Les vendanges du Muscat de Lunel ont débuté le 30 juillet, une date inédite dans l'histoire de la coopérative. Les premières grappes ont été coupées dans les vignes lunelloises, marquant une avance d'environ un mois par rapport aux habitudes. « Avant, on commençait vers le 20 août », se souvient Hervé Rousse, maître de chai depuis près de trente ans. Cette précocité s'explique par les fortes chaleurs qui accélèrent la maturation du muscat blanc à petits grains, unique cépage de l'appellation.
Une avance de plusieurs semaines dans le calendrier des vendanges
À 6 h 30, les vendangeurs sont déjà dans les rangs, devançant le soleil. Les premières remorques arrivent à la cave coopérative quelques heures plus tard, chargées de raisins provenant de Lunel, de Lunel-Viel, de Saturargues ou de l'ex-commune de Vérargues. Jean-Luc Vedel, propriétaire de 15 hectares de vignes entre Lunel et Vérargues, constate : « Il y a pratiquement un mois d’avance ». Ce viticulteur, qui a repris l'entreprise familiale en 2010 après une carrière dans l'industrie, observe directement l'évolution dans ses parcelles.
Le muscat blanc à petits grains est naturellement précoce, mais les températures élevées accélèrent encore son cycle. Cette année, débuter la récolte en juillet a marqué une nouvelle étape. Les viticulteurs doivent s'adapter à ce calendrier bouleversé, tout en préservant la qualité du raisin.
Un suivi précis du raisin, de la vigne à la cave
À la cave coopérative, chaque remorque est pesée puis contrôlée par Sébastien Michel, actuel saisonnier et ancien caviste. À l'aide d'un réfractomètre, il mesure le taux de sucre des raisins, ce qui détermine leur destination. Un même cépage peut donner plusieurs vins : récolté plus tôt, avec moins de sucre, le muscat est vinifié en blanc sec ; lorsqu'il atteint environ 14,8 degrés potentiels, il peut servir à produire le vin doux naturel, plus sucré et alcoolisé. « On commence par le vin blanc et on termine par le vin doux », explique Hervé Rousse.
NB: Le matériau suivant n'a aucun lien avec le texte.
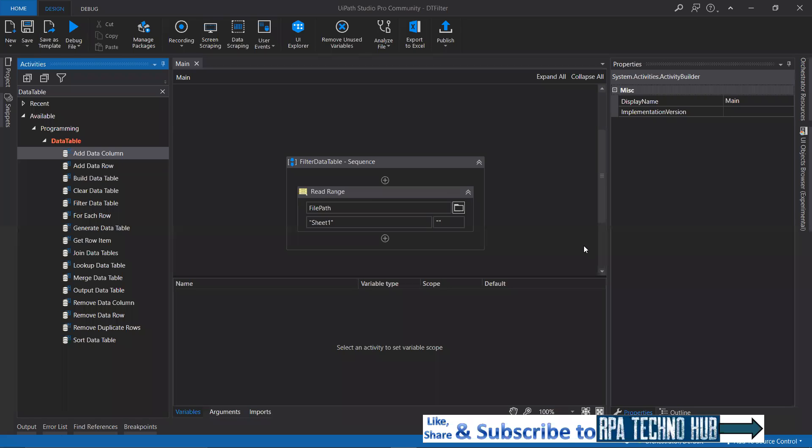Hello everyone. My name is Nikhilash. I welcome you to my channel, RP Techno Hub. In today's session, we're going to learn about one of the most important data table activities called Filter Data Table.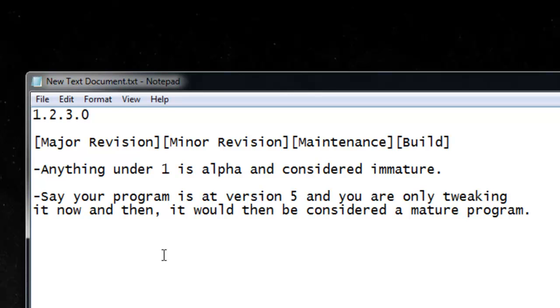You should not directly change the major revision unless you have completely redone the app to the point that you cannot keep track of even the minor revisions.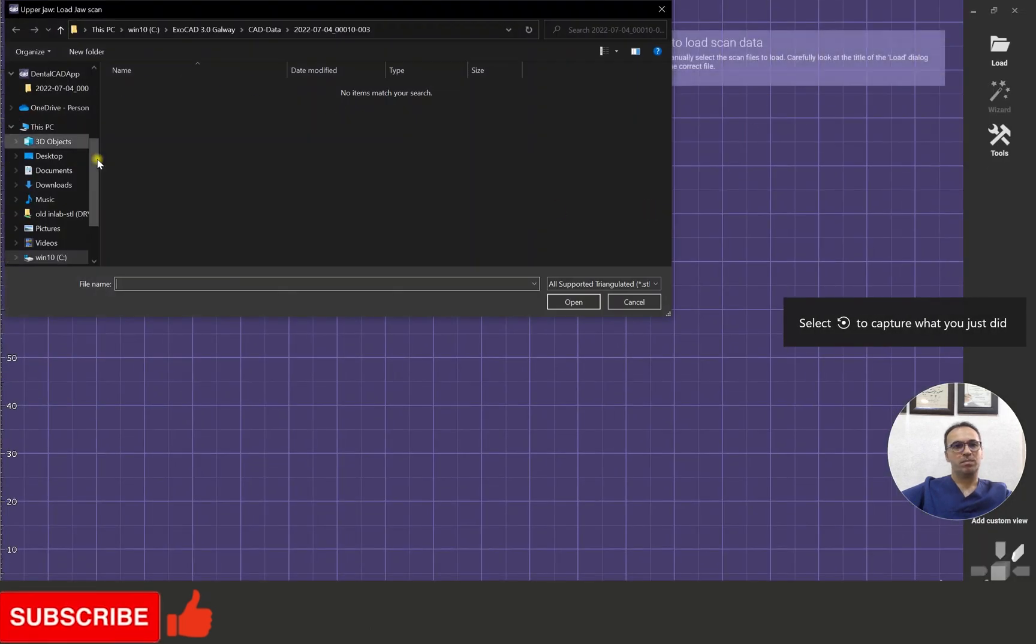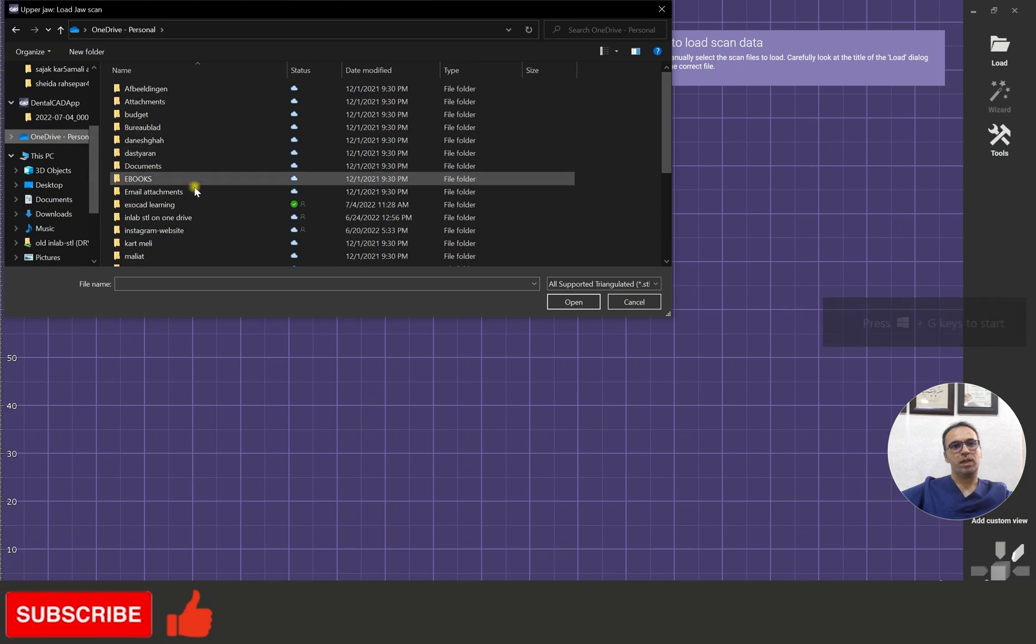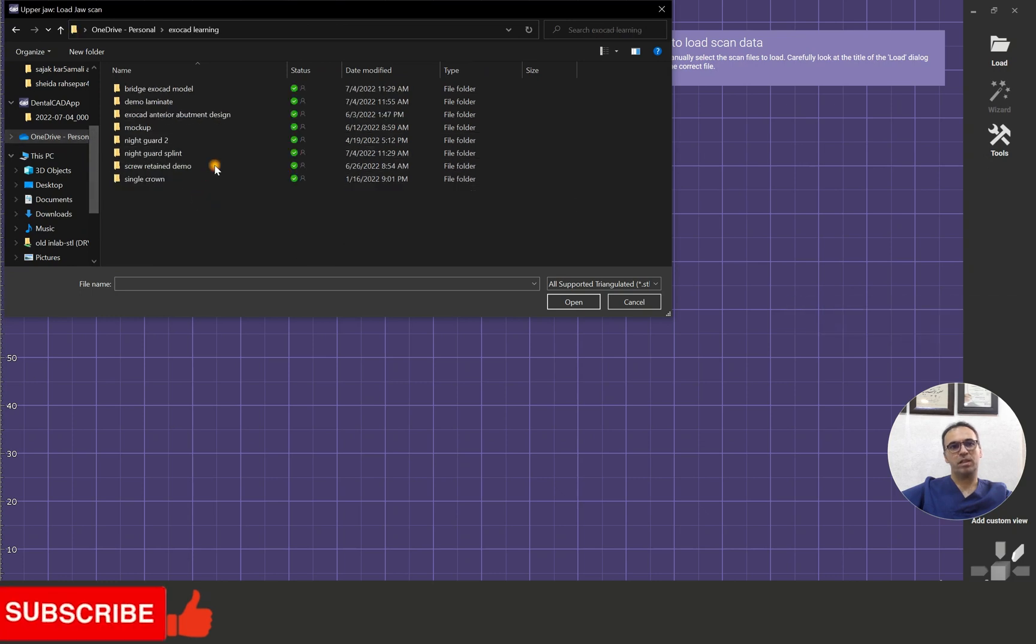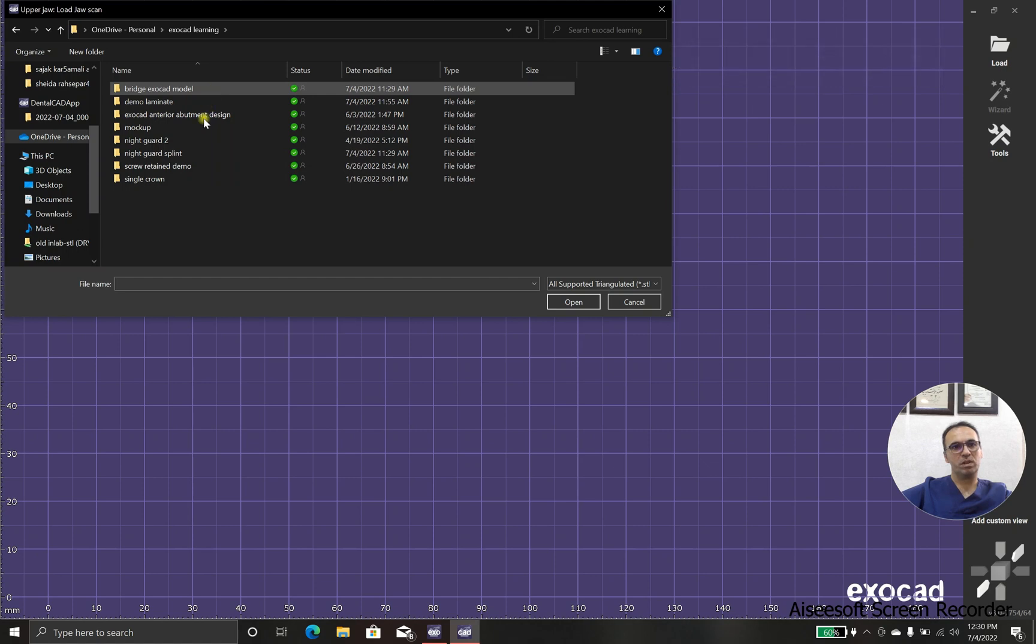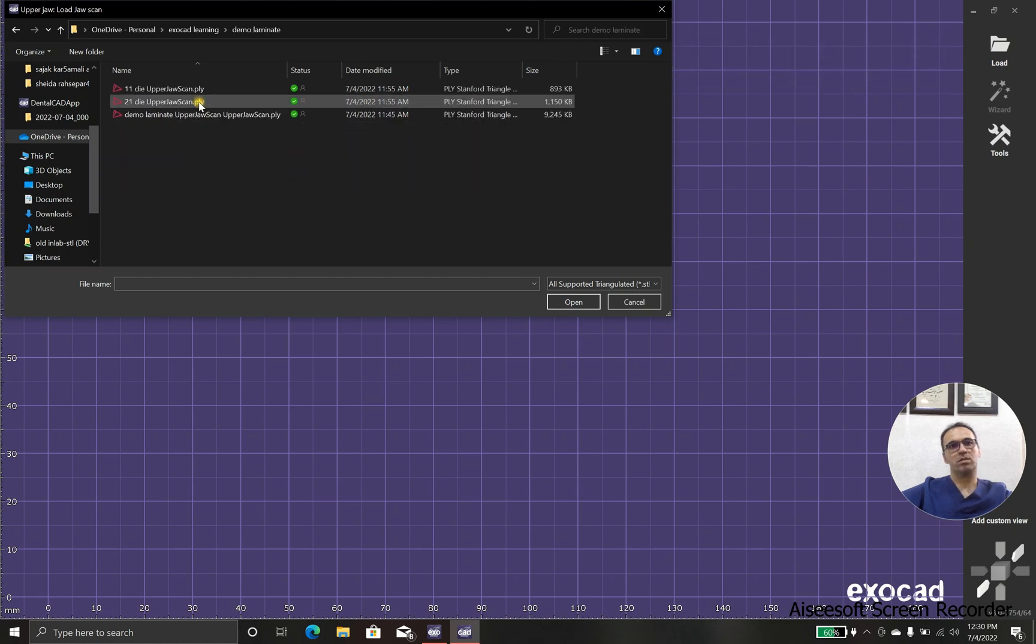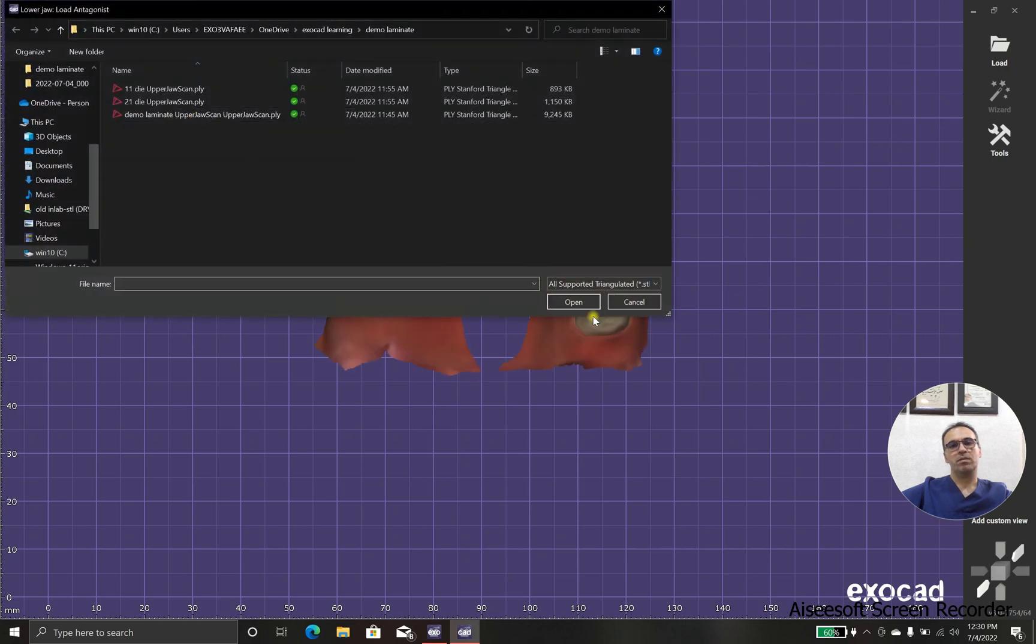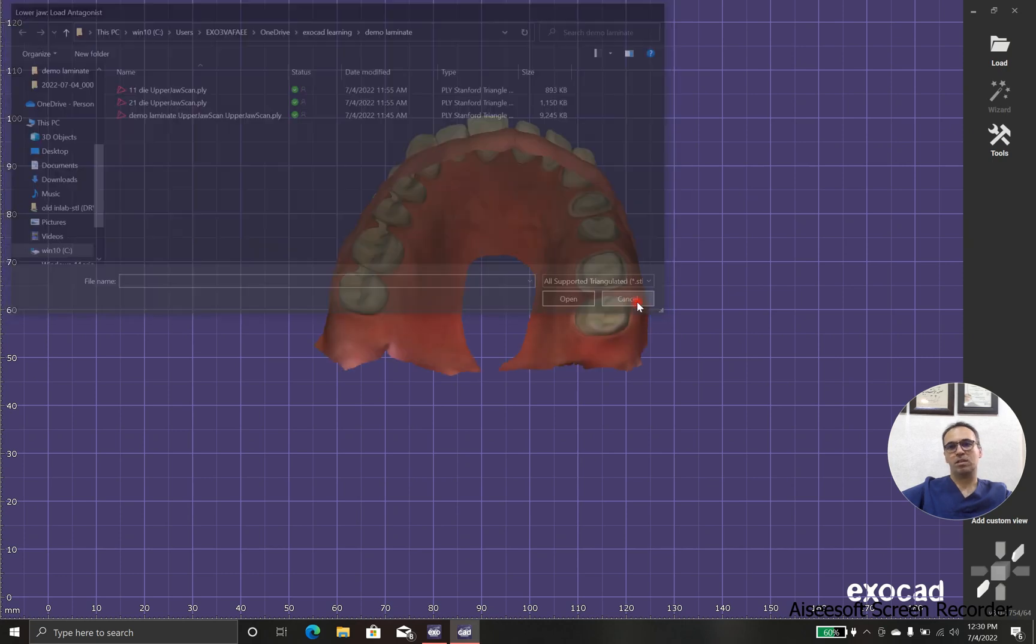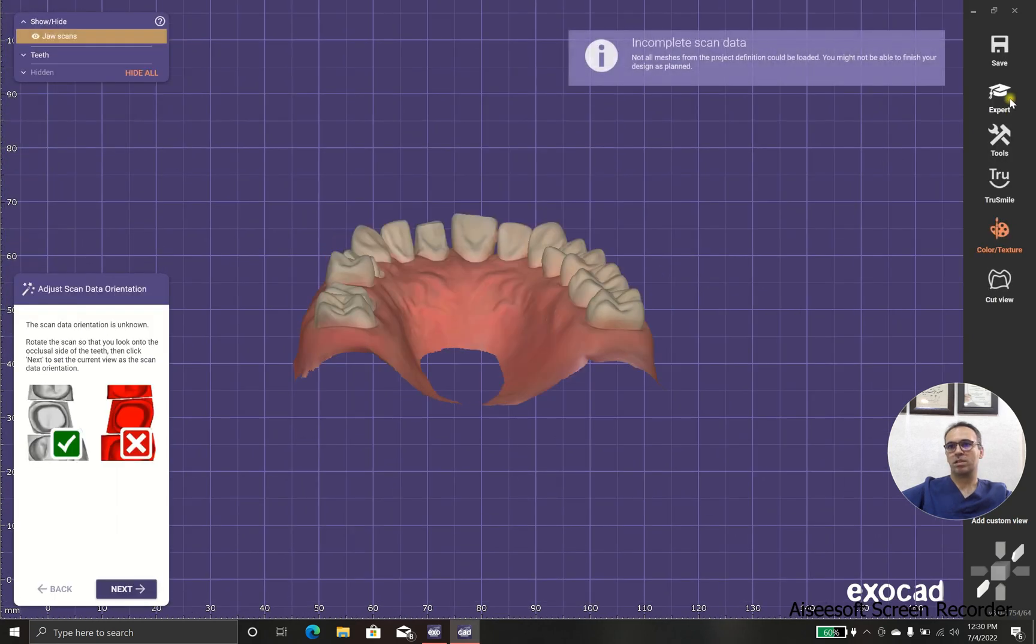Okay, and we have extra dies and we have main scan, so first of all, I'm going to choose main scan, where it is, yeah, and after that, we don't have opposing because we are going to save the time.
Le raisin destiné à la vinification est ensuite éraflé avant d'être pressé. Le jus est refroidi puis envoyé dans les cuves. Pour les vins blancs, la fermentation est maintenue sous contrôle grâce au froid. « Il faut toujours que le vin soit à la même température », précise le maître de chai. Pour le vin doux naturel, la fermentation est arrêtée par l'ajout d'alcool vinique, conservant une partie des sucres naturels ; le produit titre environ 15 degrés.
La chaleur dicte le calendrier et perturbe la maturation
Pour déterminer le moment idéal de récolte, les viticulteurs réalisent des prélèvements à plusieurs endroits d'une même vigne. Les raisins sont pressés pour mesurer leur taux de sucre. « Il faut un panel », explique Jean-Luc Vedel. Ces résultats permettent de comparer les parcelles et d'éviter de récolter trop tôt ou trop tard. Car attendre quelques jours peut modifier considérablement le raisin : les fortes températures accélèrent la maturation mais peuvent aussi provoquer une déshydratation des baies.
Diego, vendangeur depuis 15 ans, montre des grains qui ont commencé à prendre une couleur cuivrée. « Ça, c’est le soleil », explique-t-il. Ces raisins ont perdu de l'eau et donc du poids. La chaleur peut également perturber la maturation : sur une même grappe, certaines baies peuvent être mûres alors que d'autres restent vertes. « La vigne se met en sécurité », ajoute Jean-Luc Vedel. Le terroir accentue cette situation : les grappes sont particulièrement basses, parfois à quelques centimètres du sol, au milieu de terrains très caillouteux. Or, les pierres emmagasinent la chaleur durant la journée puis la restituent.
La chaleur modifie aussi l'organisation des équipes. Les vendangeurs commencent très tôt et terminent avant les heures les plus chaudes. Dans les rangs, l'ambiance reste collective : les habitués retrouvent chaque année les mêmes parcelles et les nouveaux apprennent les gestes de la récolte.
Une coopérative qui s'adapte à un climat changeant
La coopérative lunelloise rassemble une trentaine de coopérateurs, soit environ 180 hectares de vignes. Sa capacité peut absorber 100 tonnes de raisin par jour, même si la moyenne tourne autour de 60 tonnes. Le Muscat de Lunel reste son produit historique, mais la cave travaille également d'autres cépages et produit des vins blancs et des rosés. Face à des vendanges de plus en plus précoces, la coopérative et ses viticulteurs doivent sans cesse ajuster leurs pratiques pour préserver la qualité de leurs vins.